Istanbul health authorities said 20 people had been killed and 257 wounded in the two attacks, which hit the central Neve Shalom synagogue and another, Beit Israel, in the Sisli district around 9:30 a.m. (0730 GMT). The Neve Shalom -- "Oasis of Peace" -- was especially busy for a bar-mitzvah coming of age ceremony.

But many of the casualties were not Jews but people passing by on the busy streets outside the heavily protected synagogues.

Police officers earlier said as many as 24 had died. The Anatolian news agency said one policeman was among the dead.

RESPONSIBILITY CLAIM

A radical Turkish Islamist group, widely believed to be backed by Iran, claimed responsibility, but Aksu said he doubted a local group could mount such a large-scale operation.

"It is difficult for any Turkey-based organization to carry out an attack of this magnitude," he said at the scene.

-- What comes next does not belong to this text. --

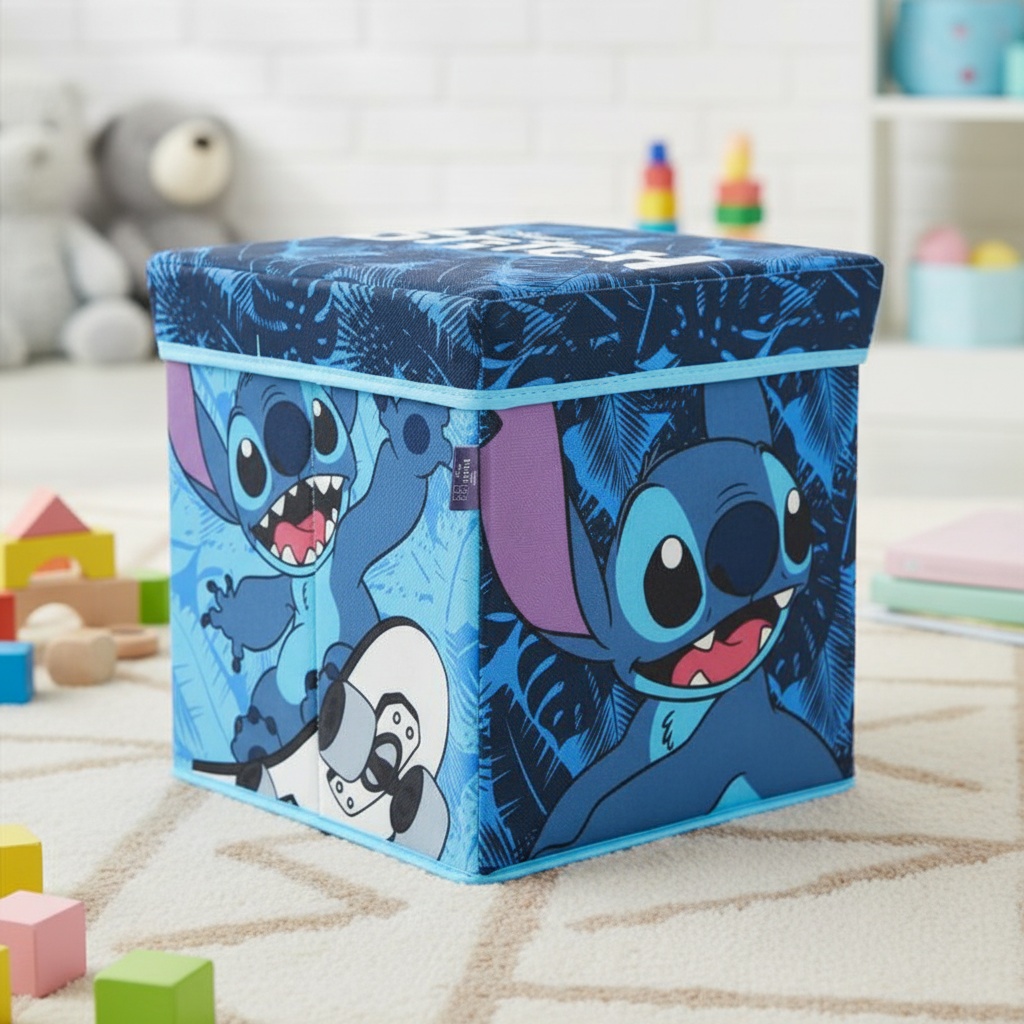 Lilo & StitchÂ® Legetøjs Opbevaringsboks & Stol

Injured people covered in blood were carried on stretchers from around the Neve Shalom synagogue, target of a 1986 attack by Palestinians which killed 22 people. Six years later it was hit again, this time by a Turkish group. A passer-by was hurt.

Predominantly Muslim Turkey is a key NATO ally of the United States and recently offered to send troops to help secure neighboring Iraq, though it later abandoned the plan due to strong opposition from Iraq's U.S.-appointed Governing Council.

Turkey, which has a long history of homegrown political violence, also has warm relations with Israel. The Jewish state swiftly condemned the "criminal terror attacks" in Istanbul.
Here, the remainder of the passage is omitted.